Outre la question épineuse de la chasse, celle de la mobilité occupe aussi les esprits. Les ruraux utilisent plus leurs voitures que les urbains, ce qui pour les cadres de EELV est une preuve d’absence de conscience écologique. Difficile pour EELV de comprendre que lorsqu’on habite en dehors des villes, la voiture est non seulement nécessaire mais vitale pour aller travailler, se soigner et pour sociabiliser. La volonté de l’équipe de Jadot d’augmenter les prix à la pompe est perçue comme un mépris total par les Français des champs, ce qui pourrait rallumer les braises du mouvement des gilets jaunes.
Par-delà les clichés
Malgré tout ces points de tension entre EELV et les ruraux en raison de la vision caricaturale des conseillers de Jadot, une partie des cadres ralliés à Sandrine Rousseau tentent d’inverser la tendance. Ces cadres possèdent une sensibilité aux problématiques sociales que les équipes de Jadot n’ont pas. Pour eux, il faut comprendre pourquoi les ruraux utilisent la voiture et répondre à ce besoin. Ils pensent notamment qu’il est nécessaire de réhabiliter les petites gares pour permettre à tous de se mouvoir sans utiliser la voiture. Cette idée a été ajoutée au programme après la fusion des équipes Jadot et Rousseau. Sur la question de la chasse, l’équipe Rousseau est aussi plus ouverte que celle de Jadot et l’idée serait surtout d’interdire les chasses dites cruelles comme la chasse à la glue et la chasse à courre. Ils se refusent à interdire totalement la chasse, Sandrine Rousseau disant à Libération qu’elle n’était pas contre si celle-ci est bien encadrée… Après cette déclaration, l’équipe de la candidate s’est murée dans le silence pour toutes les questions liées à la chasse. Ce silence nous oriente vers le cœur du problème : et si le problème ne venait pas des cadres mais des électeurs écologistes ? D’après l’IFOP, 90% d’entre eux vivent dans les grandes villes, ce qui oblige le parti à se plier à cette majorité qui n’a jamais eu de contact avec la ruralité. Le travail pédagogique doit donc cibler les militants et électeurs écologistes et non pas les cadres.
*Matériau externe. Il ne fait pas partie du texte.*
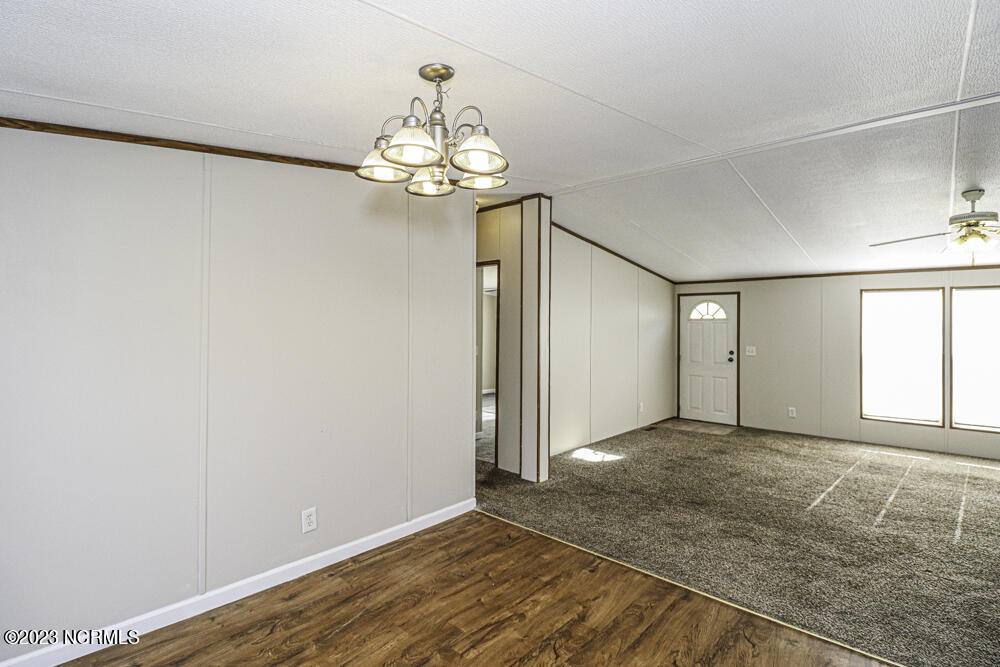 808 Charles Taylor Road Aulander, NC 27805 - Photo 26 of 55 0023-IMG_8457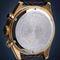 ساعت مچی مردانه ورساچه(versace) مدل VE6K001 23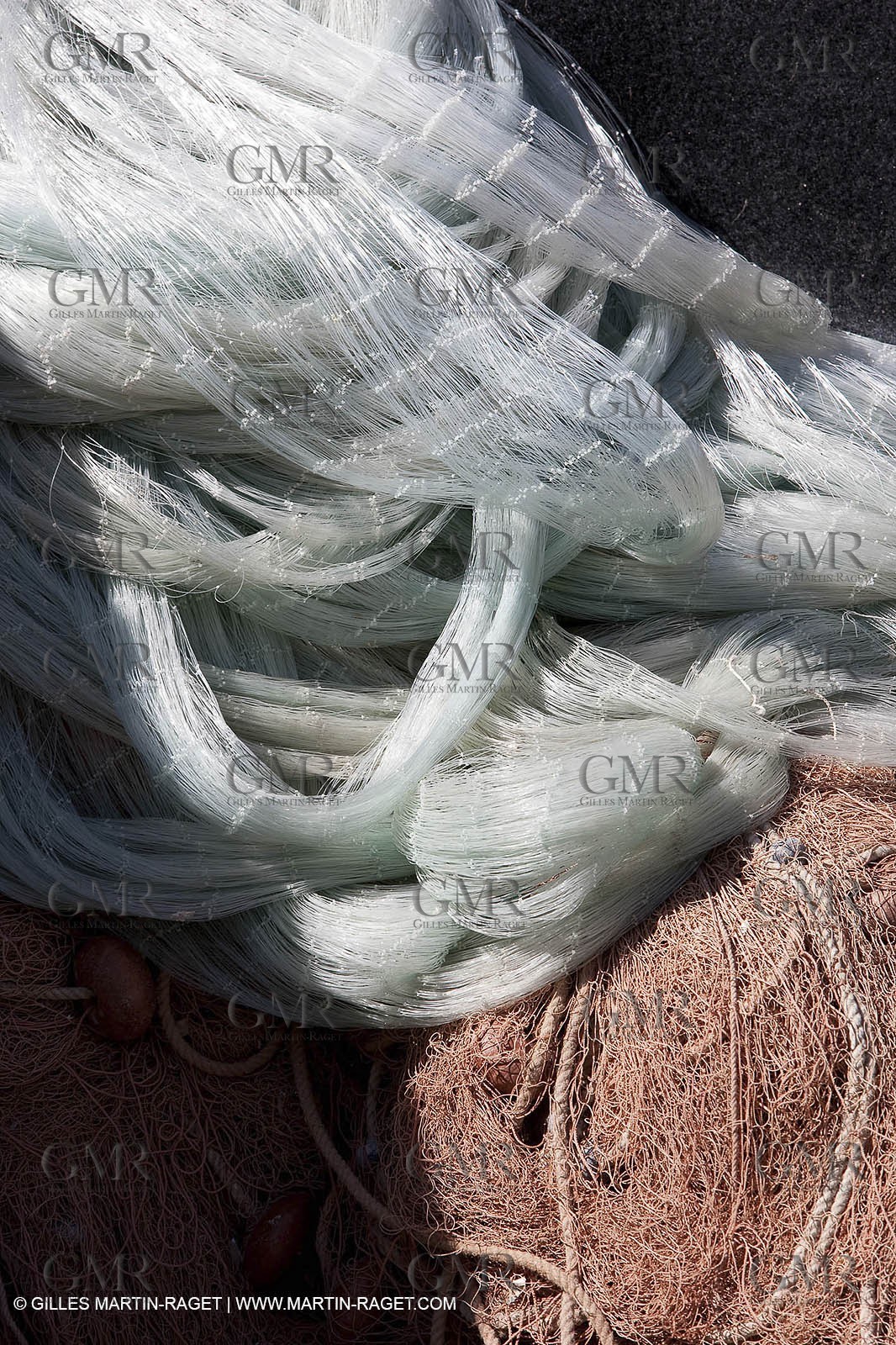 27 05 2009 - Marseille (FRA, 13) - Les Calanques - Sormiou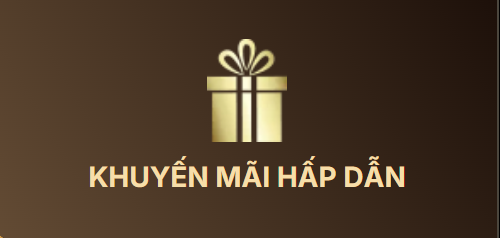 HTC khuyến mãi hấp dẫn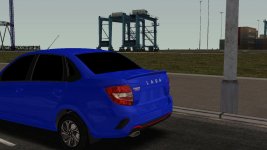 Lada Granta FL sport (1).jpg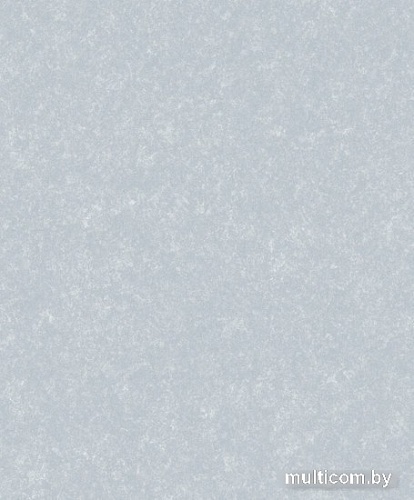 Виниловые обои Гомельобои Тесей фон к-81 23ВТА1 (на флизелиновой основе)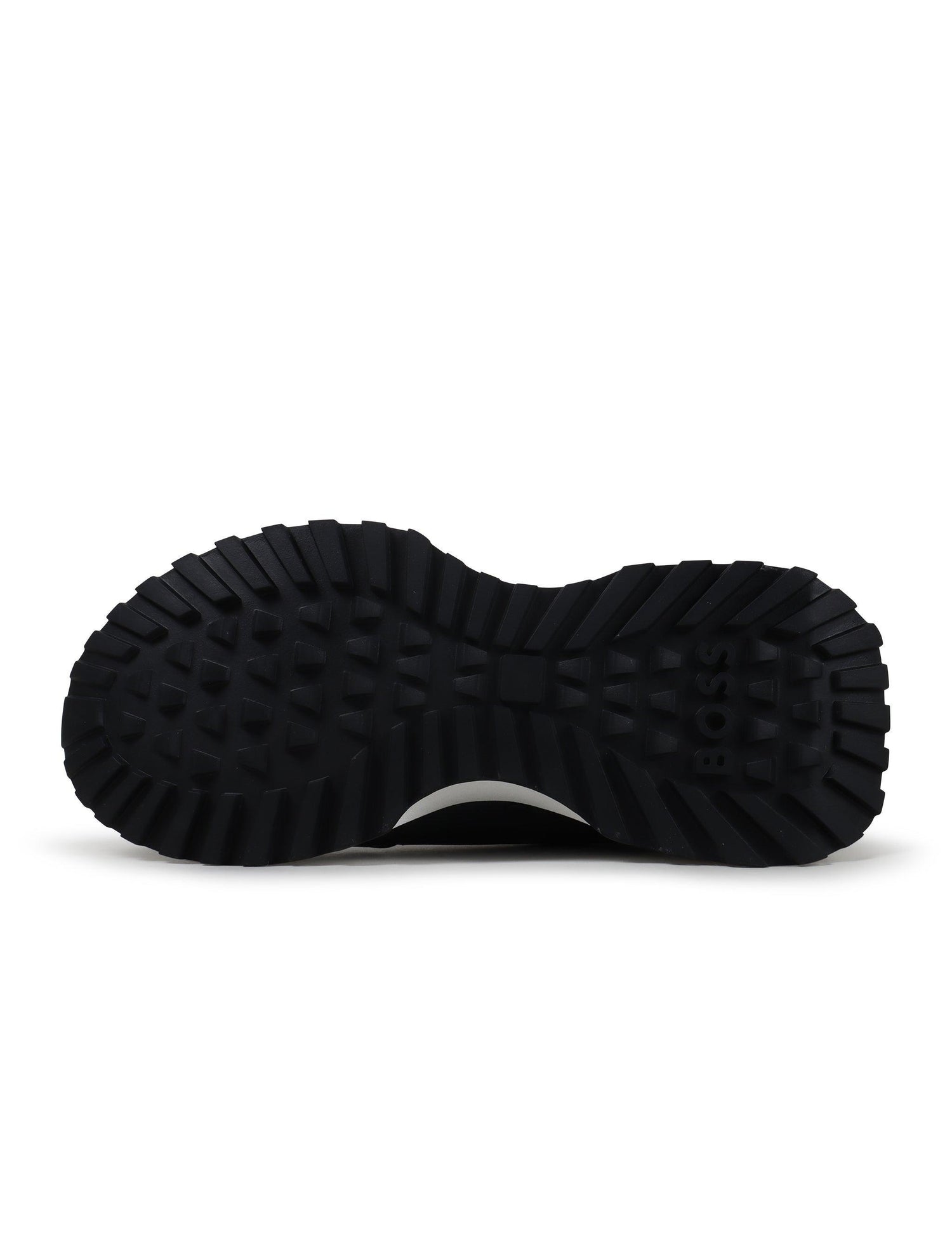 Hugo Boss Men&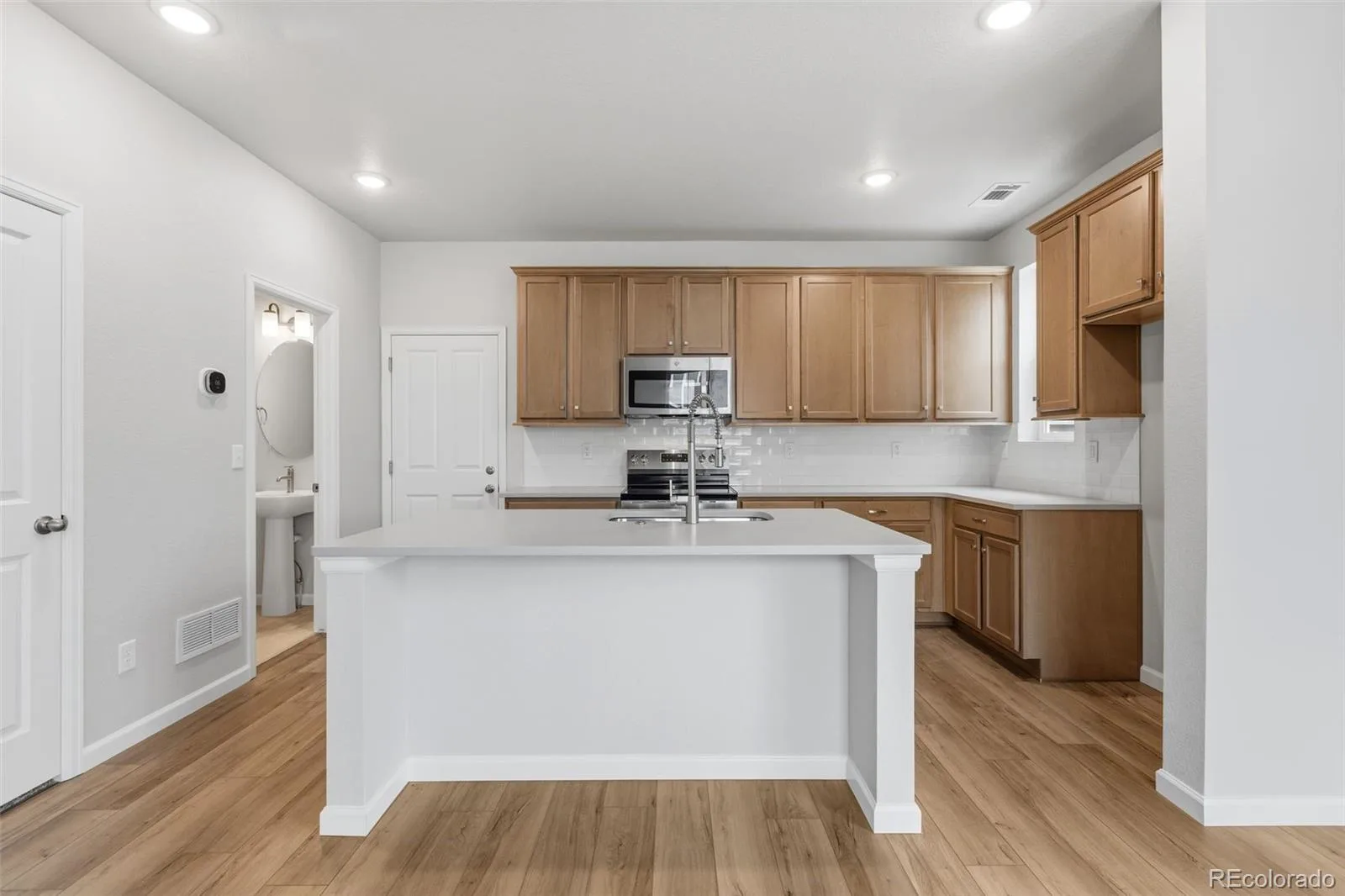 1480 Coral Place Longmont CO 80504 | MLS #REC2684576 08252026185544 1600 2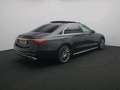 Mercedes-Benz S 450 e AMG Lang | Panorama - Schuifdak | Burmester 3D S Grijs - thumbnail 3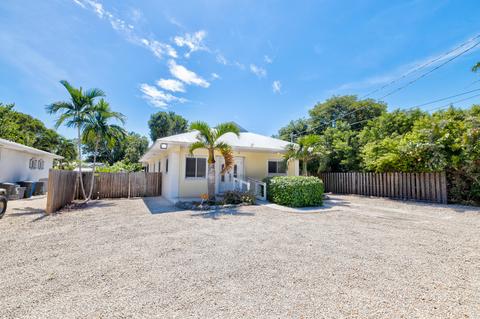 2 Atlantic Ave, Key Largo, FL 33037 photo 21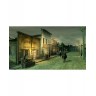 Игра Red Dead Redemption - Код в кутия за Nintendo Switch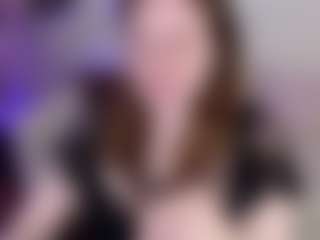 Nancy-Sun's Live Sex Cam Show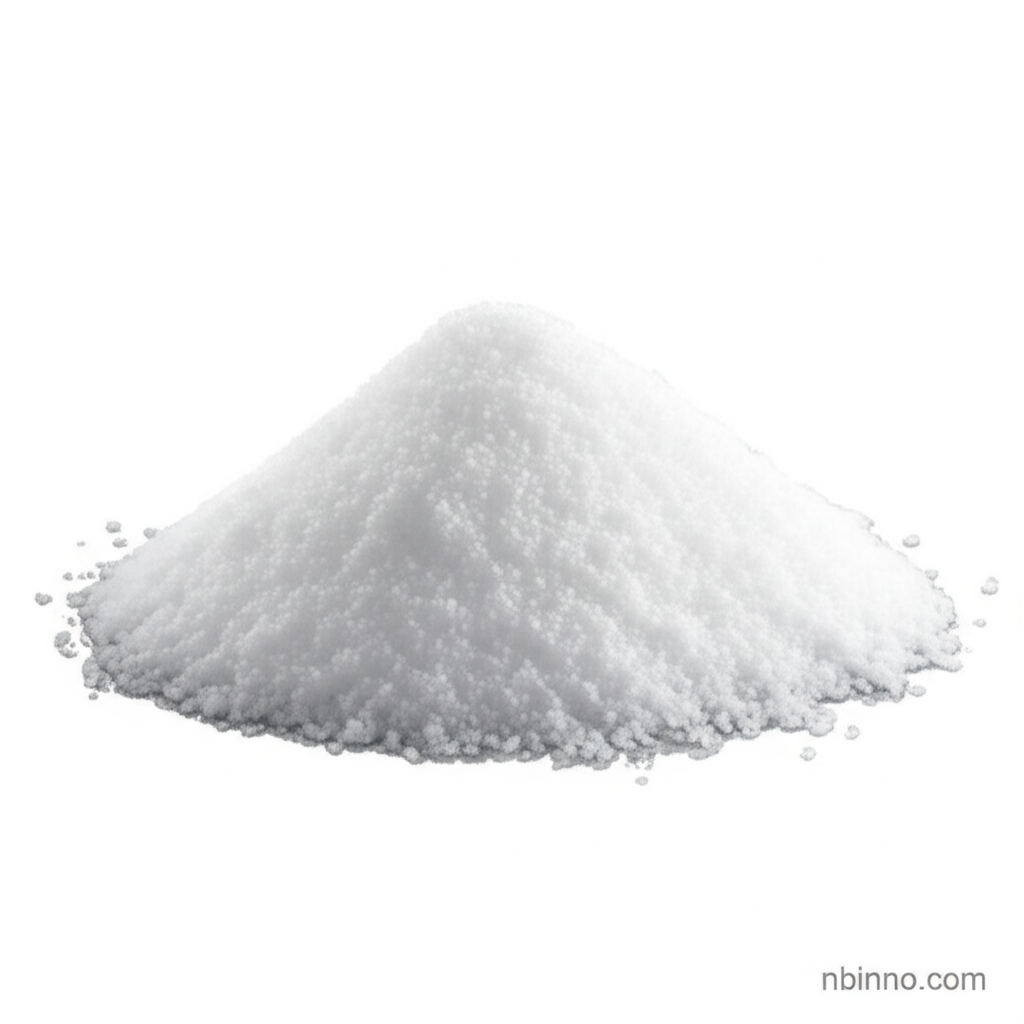 O,O-Dimethyl Dithiophosphate Ammonium Salt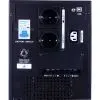 Пристрій безперебійного живлення SVC SL-5KS-LCD 5000VA (SL-5KS-LCD) зображення 5
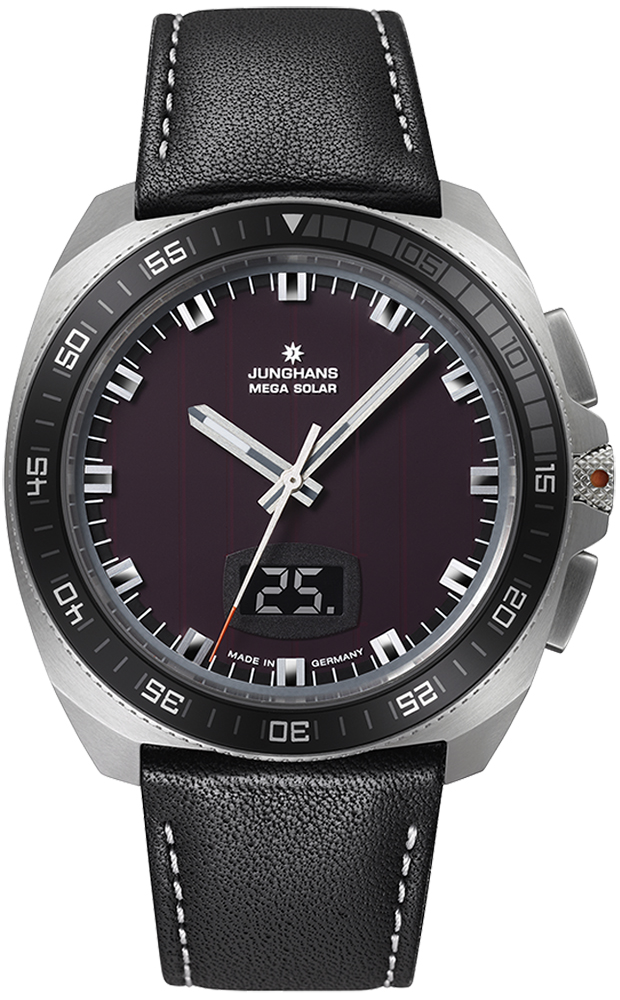 Junghans 56-421000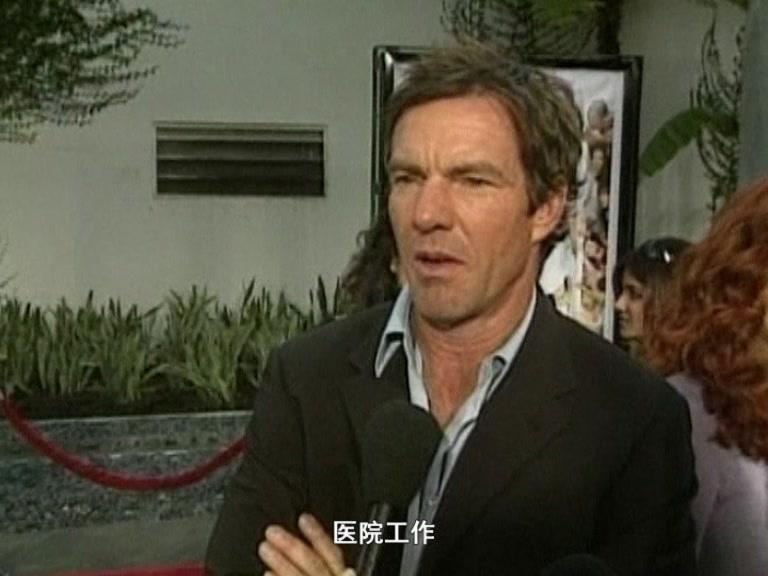 《繁星》第136集视频封面图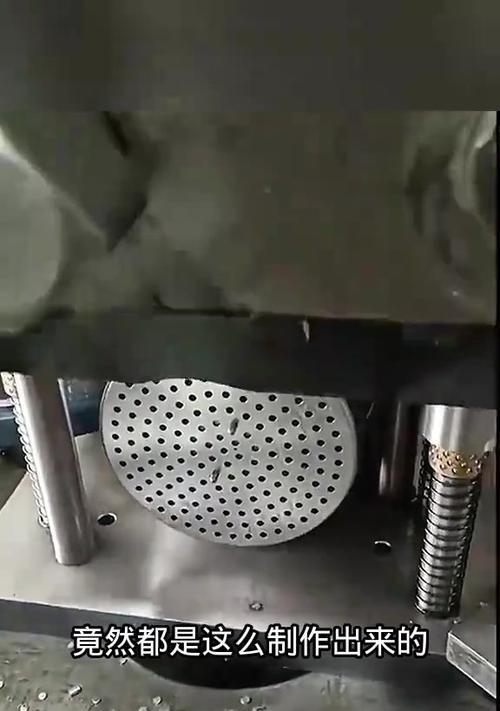 洗衣机台子应该用什么材料制作？制作时需要注意什么？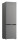 Whirlpool WHK22413X6EA1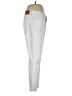 Levi's Ivory Jeans Size 32 waist - photo 4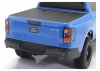 CEN Ford Ranger MS-RT - Fast Blue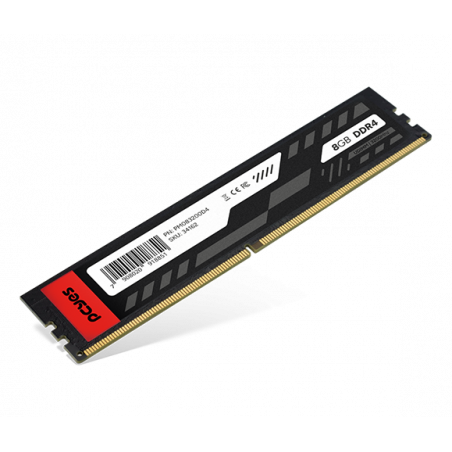 memoria-pc-8gb-ddr4-32mhz-pm832d4-pcyes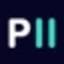 pii-tools.com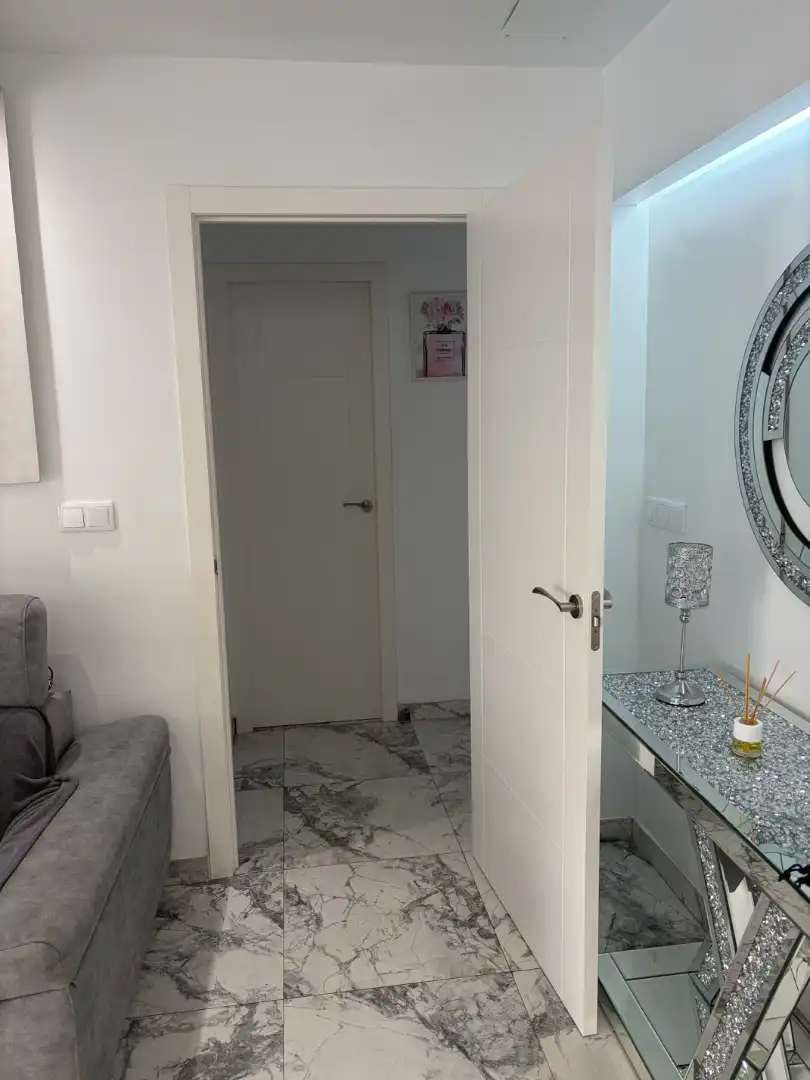 Piso en venta en Carrer Victoria Kent, imagen 11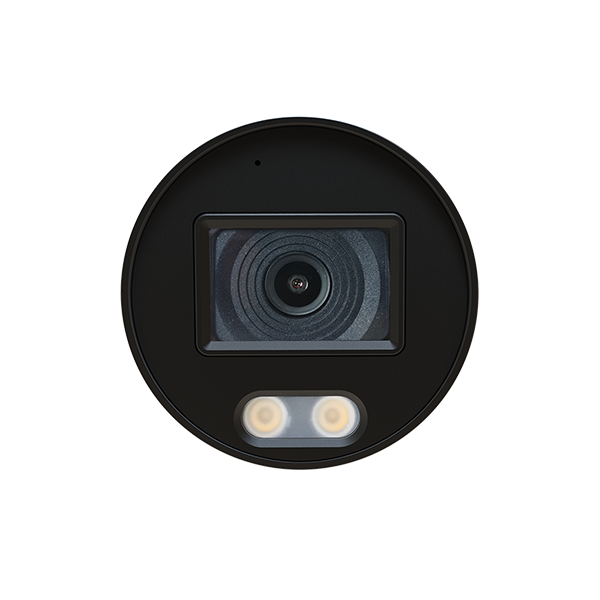 دوربین بولت تحت شبکه ۲ مگاپیکسل برایتون IPC-92B2CM-TMC 2MP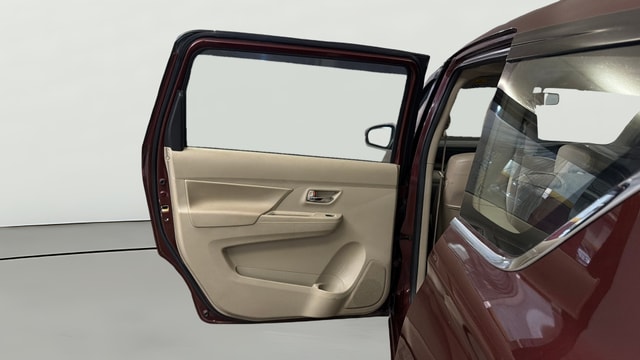 View Maruti Suzuki 1000 Image 15 Used Maruti Suzuki 1000 Image 15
En fait, cette fracture entre EELV et le monde rural est aussi celle qui existe entre le monde des villes et celui des champs, apparu en France à l’après-guerre ; avec l’exode rural, de plus en plus de Français ont perdu tout contact avec la campagne. Ce contact qui à l’époque des grands parents passait par un oncle, un frère ou un père agriculteur a totalement disparu dans notre France contemporaine. Cette fracture n’est donc pas seulement l’affaire de EELV mais bien celle de l’ensemble des Français.